そんな中、リードタイムが長く、思うようにスループットが上がっていないという課題が浮き彫りになりました。原因として「開発テスト中にフロントエンド部分のバグによる手戻りが頻繁に発生して開発が予定通り進まない」「差し込み的にバグ対応をすることになり開発効率が上がらない」といった事象が起きていることがわかりました。
既存コードの技術的負債
そこで、さらに原因を調査しました。すると、既存のJavaScriptの実装上の技術的負債により、何かの機能を修正した際の影響範囲が読めない状態になっており、手戻りの頻発につながっていることがわかりました。
具体的には、既存コードに以下のような課題がありました。
- jQueryでグローバル化した変数の参照や書き換えを行っている。
- 画面の制御を行う関数内で、jQueryを利用して相対的に子要素の取得などを行っているが、それがHTMLの変更に弱いセレクタの指定になっている。
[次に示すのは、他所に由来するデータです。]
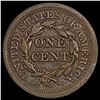 Image 2 : 1852 Braided Hair Large Cent CLOSELY UNCIRCULATED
- jQueryが一般的でない使われ方をしており、新規メンバーがコードからその実装の意図を直感的に理解できない。
また、開発体制面にも課題がありました。
タウンワーク開発メンバーは、フロントエンドとバックエンドにそれぞれ開発メンバーが分かれており、フロントエンドの手戻りが頻発するとフロントエンド開発メンバーの負荷が高まります。反面、バックエンド開発メンバーはその間手が空いてしまう状態となります。可能であれば、手が空いたバックエンドメンバーがフロントエンドメンバーのヘルプを行えるようにしたいと考えました。
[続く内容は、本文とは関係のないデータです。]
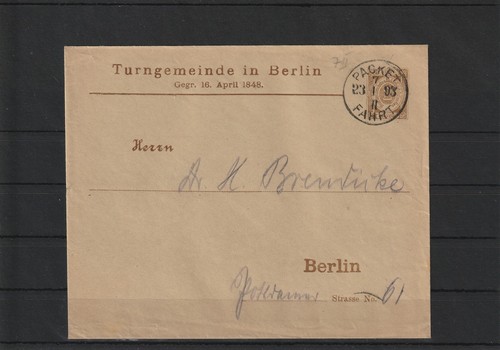 Privatpost stadtpost ganzsache - stadtpost,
これらの原因を除去するため、改善活動を開始することにしました。
改善方針の策定
まず、改善方針を決めるところから行いました。改善方針の策定は、弊社技術顧問の和田卓人、シニアソフトウェアエンジニアの古川陽介らとともに行い、方針だけでなく利用するライブラリや構成案を検討しました。その際に検討した内容は大まかには以下のようなものです。
- まずはモジュール化し、影響範囲を局所化することが大事。そのためにテストコードも導入する。
- 影響範囲を局所化するため、必要であればReactなどのフレームワークの導入なども検討する。
- バックエンド開発メンバーがフロントエンド開発メンバーの手助けに入りやすくなるよう、ES6記法を導入し、Classなどの構文を利用して記述を行う。それによりJavaとの類似性を高め、バックエンド開発メンバーが習得しやすいようにする。